+++ Data +++
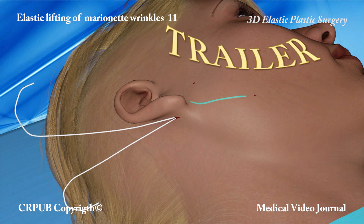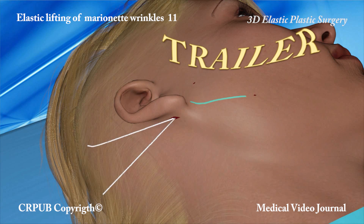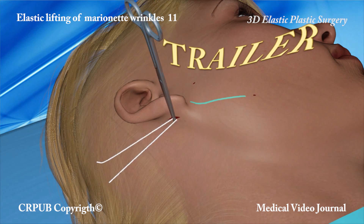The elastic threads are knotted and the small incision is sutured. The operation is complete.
+++
+++ Data +++
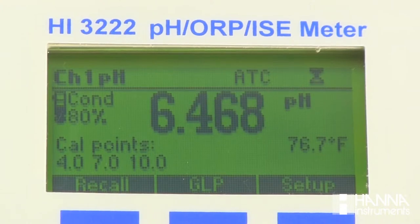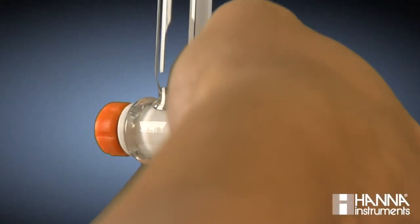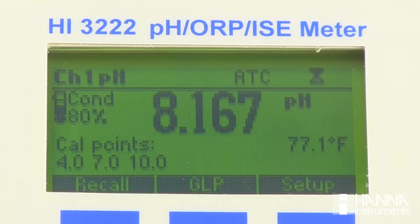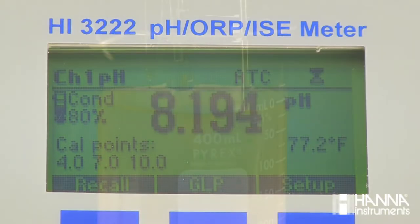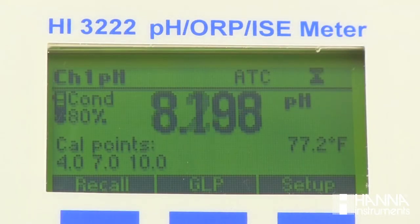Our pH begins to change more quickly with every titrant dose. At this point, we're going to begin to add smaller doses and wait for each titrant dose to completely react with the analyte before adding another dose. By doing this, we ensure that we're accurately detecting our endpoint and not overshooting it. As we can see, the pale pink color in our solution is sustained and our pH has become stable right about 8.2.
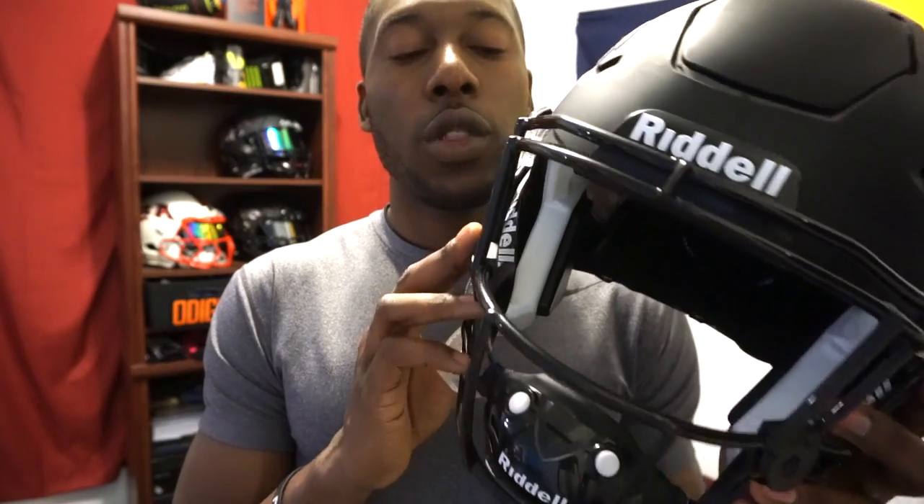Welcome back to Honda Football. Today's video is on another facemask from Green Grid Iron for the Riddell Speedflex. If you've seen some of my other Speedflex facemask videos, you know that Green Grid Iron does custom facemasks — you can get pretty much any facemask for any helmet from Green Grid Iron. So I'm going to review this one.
+++
+++ Data +++
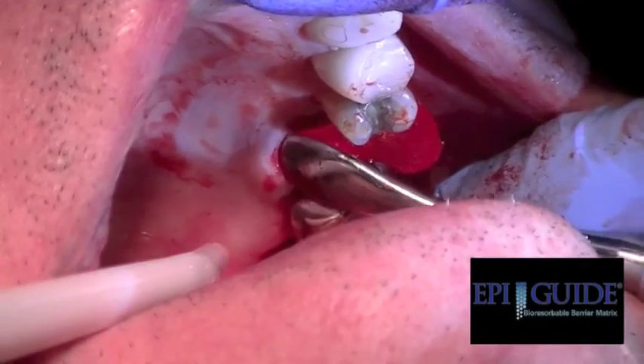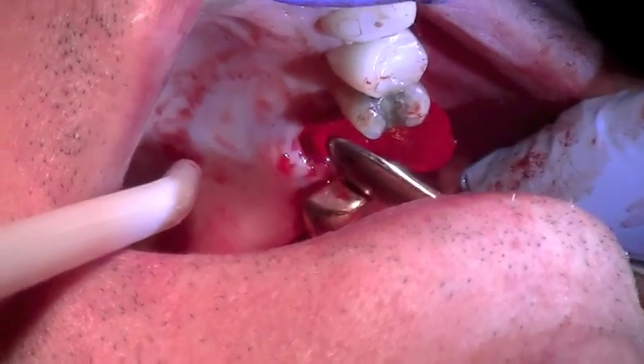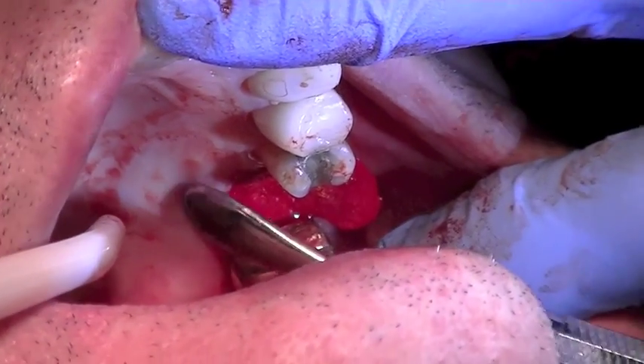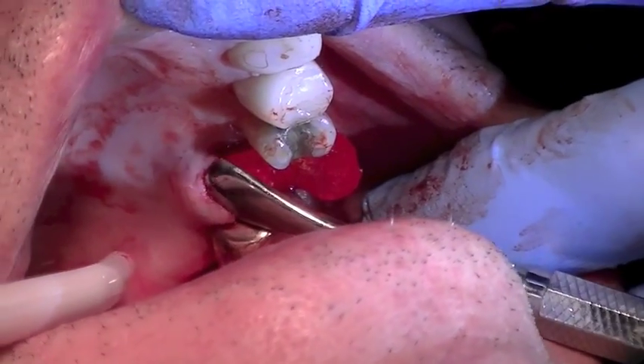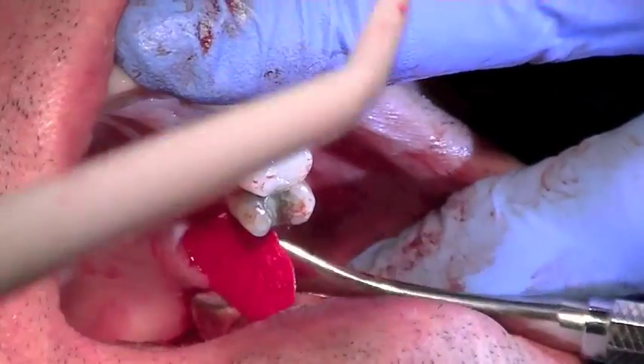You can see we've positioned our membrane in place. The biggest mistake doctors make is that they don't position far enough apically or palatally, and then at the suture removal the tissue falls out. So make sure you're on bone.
+++
The problem: Reproduce the lines above beginning at the line that contains "Our pH begins" and ending at the line that contains "Welcome back to". No pictures.

Output below:
Our pH begins to change more quickly with every titrant dose. At this point, we're going to begin to add smaller doses and wait for each titrant dose to completely react with the analyte before adding another dose. By doing this, we ensure that we're accurately detecting our endpoint and not overshooting it. As we can see, the pale pink color in our solution is sustained and our pH has become stable right about 8.2.
Welcome back to Honda Football. Today's video is on another facemask from Green Grid Iron for the Riddell Speedflex. If you've seen some of my other Speedflex facemask videos, you know that Green Grid Iron does custom facemasks — you can get pretty much any facemask for any helmet from Green Grid Iron. So I'm going to review this one.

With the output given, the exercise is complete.